Chip signal lines. AMD's reference to "circuitry" leads to the deep end, so all you really need to know is that we can imagine a simple case where a "bit set to 1" corresponds to a "high" voltage somewhere in a chip, visible at a "pin".
Arduinos are a good example: set a memory bit to 1, and Arduino sets an output pin "high". This voltage change is often demoed by driving LEDs, but through the magic of transistors it can automatically activate, interrupt or "wake up" other circuits or chips.
Let's assume a more natural hex representation (two hex digits, like FF, often seen in IP, masks and MAC addresses) and tie "output pin 5" of our Arduino to "bit position 5" in our counter:
Memory Value Event
0000 0000 00 Nothing, so keep adding 1...
0000 1111 0F Nothing, but add 1...
0001 0000 10 Arduino pin 5 high. New voltage interrupts other circuits.
Because the memory location is tied to that pin, it's elegant and all hardware: just keep adding 1, no need to interfere with driver or BIOS developer code. You're just a circuit maker anyway. You'll provide a pin that goes high, to be consumed by other chipmaker's silicon, which is what everyone's doing. In the real world it's a little more complicated (for example, the ENC28J60 spec lays it out in horrifying detail), but that's the gist.

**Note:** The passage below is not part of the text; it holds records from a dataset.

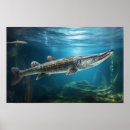 Suche nach alligator poster Fisch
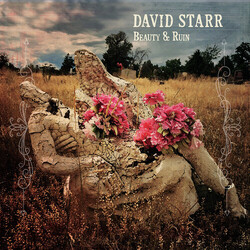 David Starr (9) Beauty & Ruin Vinyl LP USED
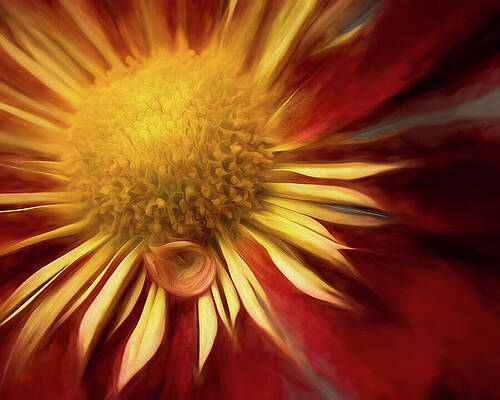 Nature Wall Art featuring the photograph Curly Q by Dodie Ross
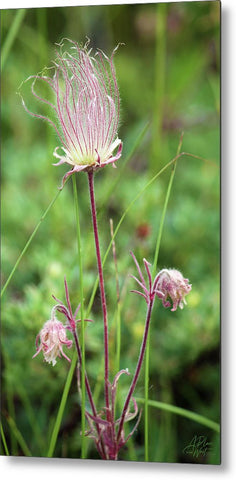 Prairie Smoke - Metal Print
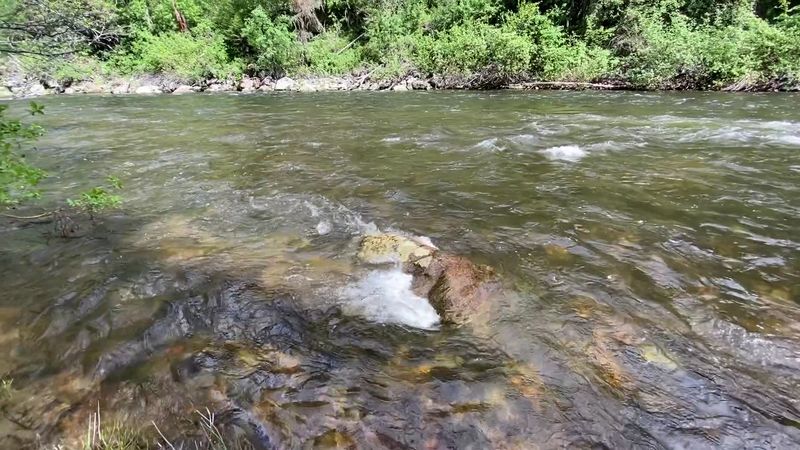 Patterns Of Native Trout Species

After this, human obviousness seems more a side effect than the goal. For computers, 4 copies of your MAC should suffice, but now that counter won't overflow and it's no longer dead simple. So it seems more likely that the goal was to get it implemented by as many silicon, driver, and BIOS designers as possible, and 16 gives everyone a choice between "overflow" AND direct signaling, without re-architecting and retooling.
Playing devil's advocate for human detection, what about the next higher number with the same flexibility: 256? That doesn't work: The data segment alone produces a WOL packet that's larger than an Ethernet frame (at the time) could be.
So to me this means that 16 is the only value the WOL segment can be.
Yes. It's simple and the chance that someone sends this data accidentally is effectively zero.
You want simple because a very low-powered microcontroller in the NIC has to be able to permanently watch the raw ethernet network traffic and act if it sees this pattern and you don't want to turn on systems by accident because a stream of random network data is the command to turn the system on.